Die Berliner CDU will Lehrer wieder verbeamten. Aber der Koalitionsvertrag mit der SPD schließt das aus. In vielen Berliner Lehrerzimmer sitzen angestellte neben verbeamteten Lehrkräften und leisten die gleiche Arbeit für unterschiedliches Gehalt. Das sorgt für Spannungen.

Von Anja Nehls | 31.01.2013
    Lateinunterreicht am Werner-von-Siemens-Gymnasium in Berlin Zehlendorf. Die letzte Stunde für diesen Tag, denn der Physikunterreicht danach fällt aus. Der Lehrer ist langfristig erkrankt, Ersatz ist nicht zu bekommen, denn Lehrer in Berlin will zurzeit kaum jemand werden. Die letzte Bewerberin sagte ab, als der Vertrag fast schon unterzeichnet war – kein Wunder, das Bundesland Brandenburg ist nur wenige Kilometer weit entfernt und dort können Lehrer Beamte werden, sagt Jens Weichelt, vom Verband Bildung und Erziehung VBE

    "Dass Berliner Lehrer erst nach Brandenburg gehen, dort eine gewisse Zeit als Beamte tätig sind und dann als Beamte nach Berlin zurückkommen. Dieser, ich sag mal Verbeamtungstourismus, ist natürlich ein Zeichen dafür, dass die jungen Leute den Beamtenstatus anstreben und Berlin wäre gut beraten, wenn es seine jungen Lehrkräfte in Zukunft wieder verbeamtet."

    Das sieht die Berliner CDU ähnlich, beißt aber mit der Forderung auf Granit.

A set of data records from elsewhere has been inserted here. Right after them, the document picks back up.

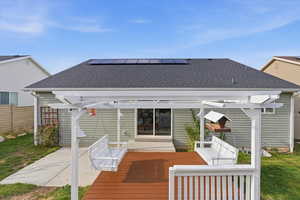 Back of property featuring roof with shingles, roof mounted solar panels, a wooden deck, and a pergola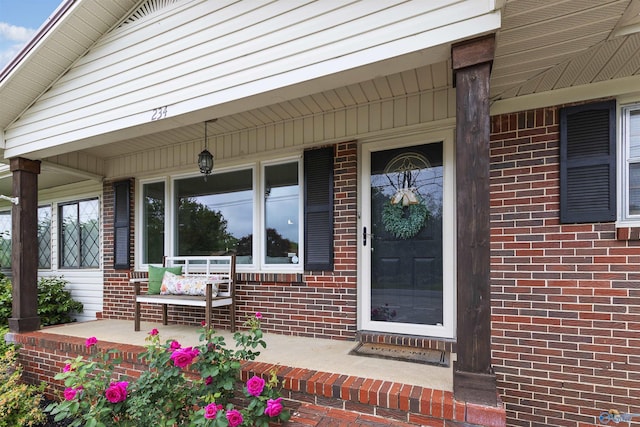 doorway to property with a porch and brick siding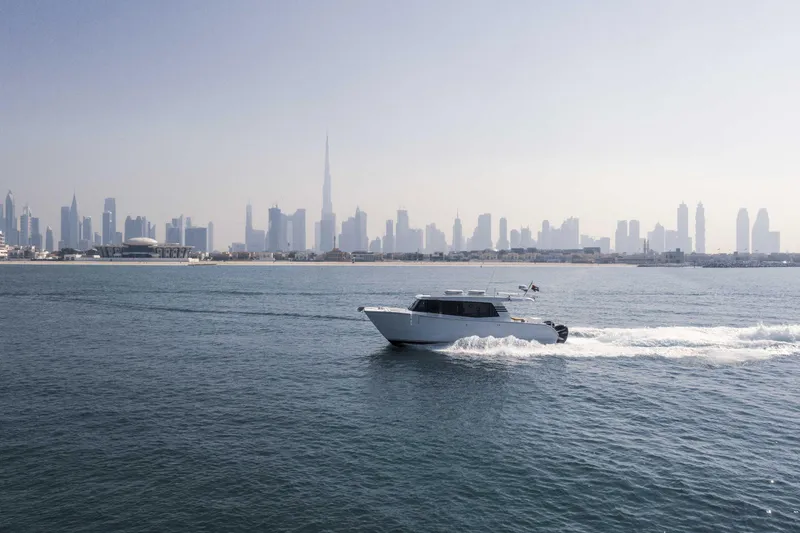 Slide: The Image of SilverCAT 40LUX boat cruising with city skyline backdrop, 2026 model. - 7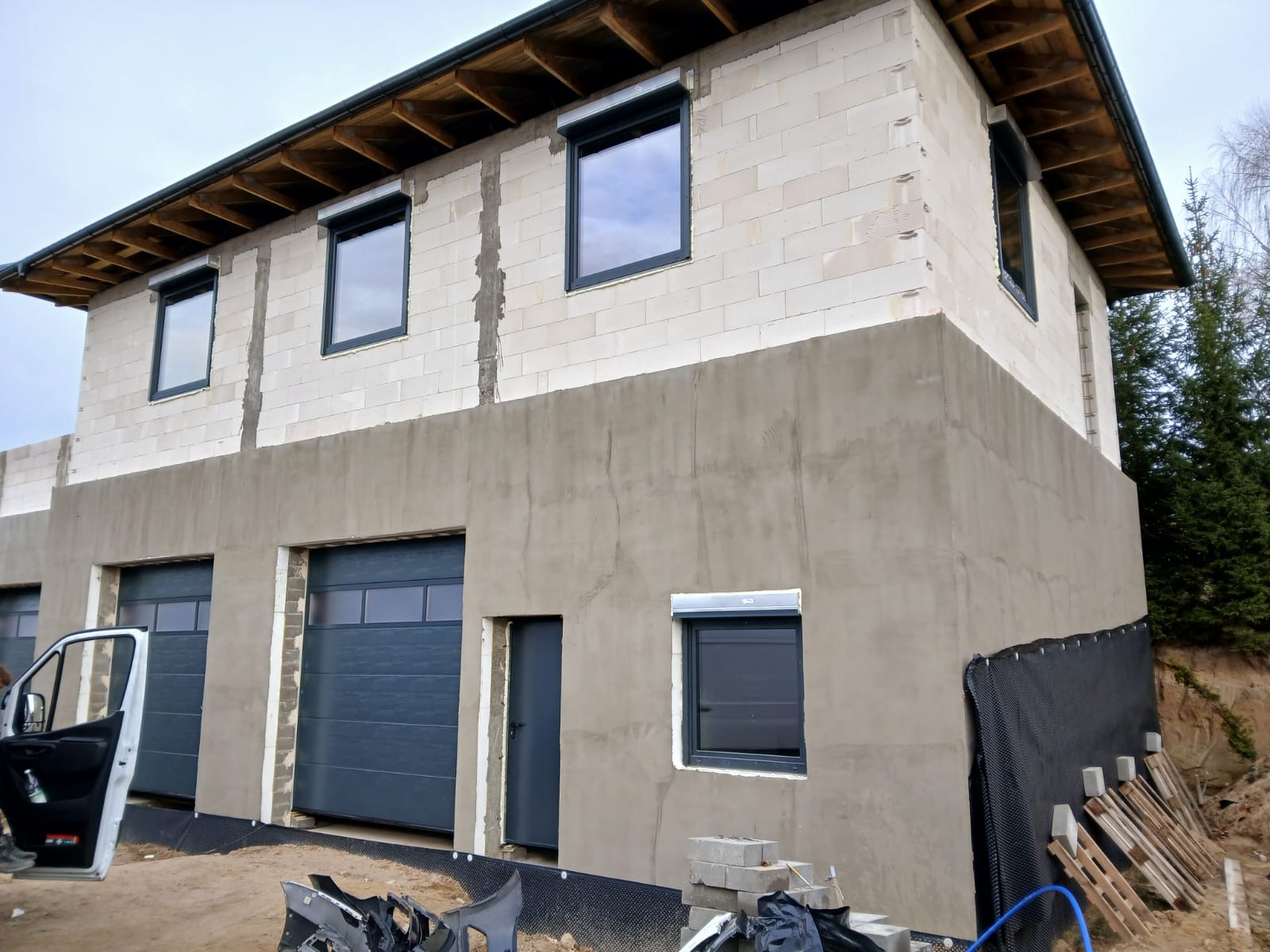 Nowy budynek w trakcie wykończenia: szare bramy garażowe, okna z roletami zewnętrznymi, otynkowana część elewacji, widoczne bloczki z betonu komórkowego.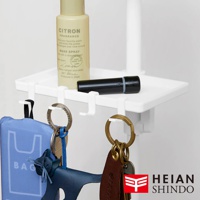 白色塑料置物托盤，附有四個掛鉤，上面擺放著一瓶柑橘香水噴霧和一支黑色筆。托盤下方掛有藍色環保袋、鑰匙圈和一個藍色貓形鑰匙吊飾。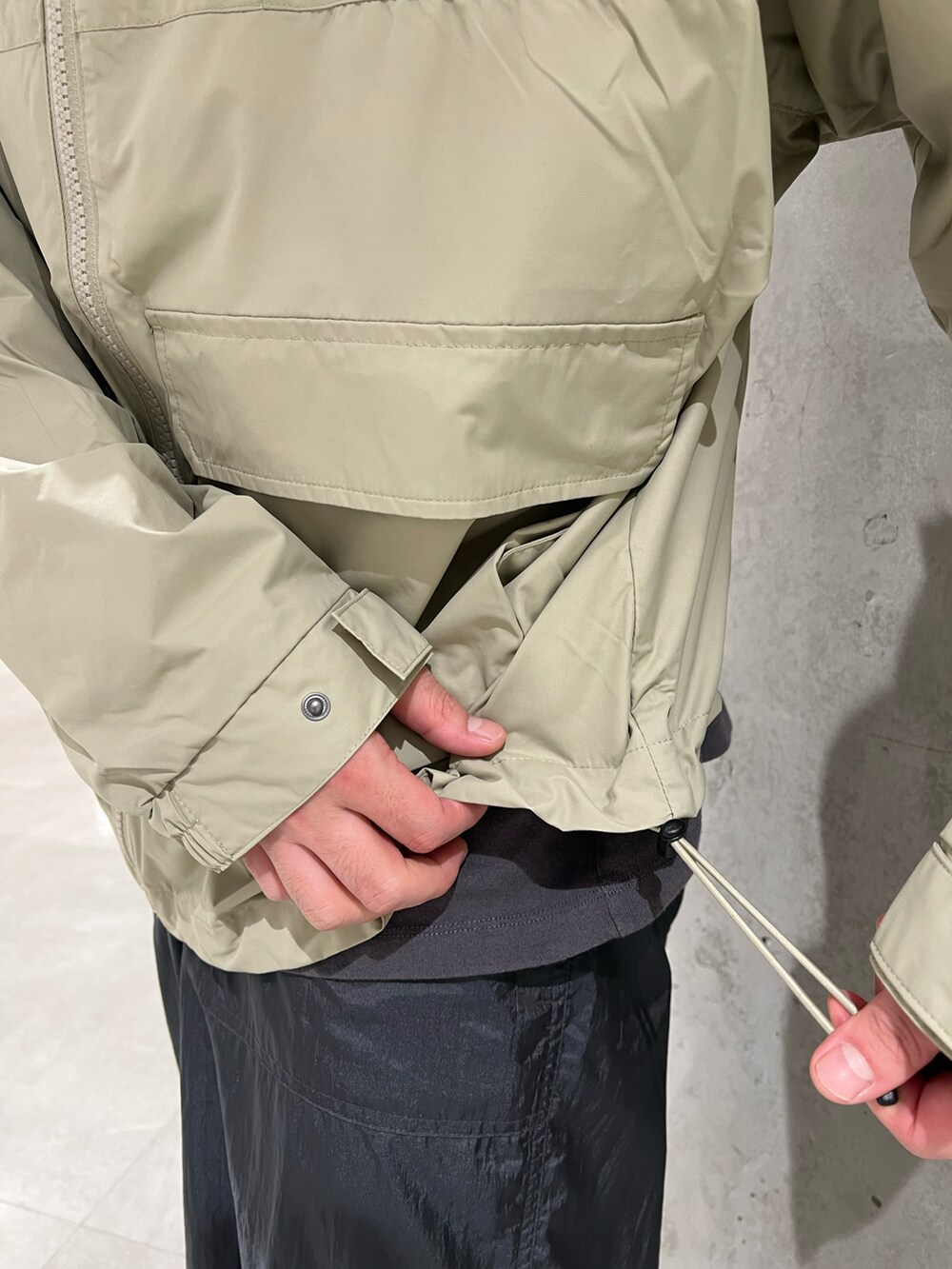 グリーン系のナイロンジャケット、グレー系のTシャツ/カットソー、グレー系のその他パンツを着用したメンズの秋コーディネートの5枚目の写真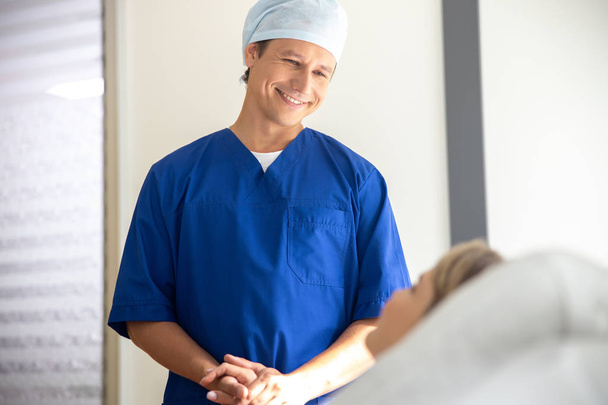 病院の部屋で患者の手を握る喜びの医者 - 写真・画像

Der Koalitionsvertrag von SPD und CDU schließt eine Verbeamtung von Lehrern aus. Stattdessen will die Berliner Bildungssenatorin die sogenannte Verbeamtung durch die Hintertür erschweren. Lehrer aus anderen Bundesländern sollen in Berlin ihren Beamtenstatus in Zukunft nur behalten dürfen, wenn sie ihn schon mindestens fünf Jahre haben.
    In Sachsen muss ein verbeamteter Lehrer aus anderen Bundesländern seinen Staus sogar abgeben. Niemand tut das freiwillig. Wolfgang Renner, Mathe und Physiklehrer aus Freiberg, sieht für die Schulbildung in seinem Land schwarz:

    "Wir haben Probleme und die werden immer größer, weil die Lehrer ein Durchschnittalter von 51 Jahren haben und in den nächsten Jahren 25 Prozent ausscheiden bis 2015."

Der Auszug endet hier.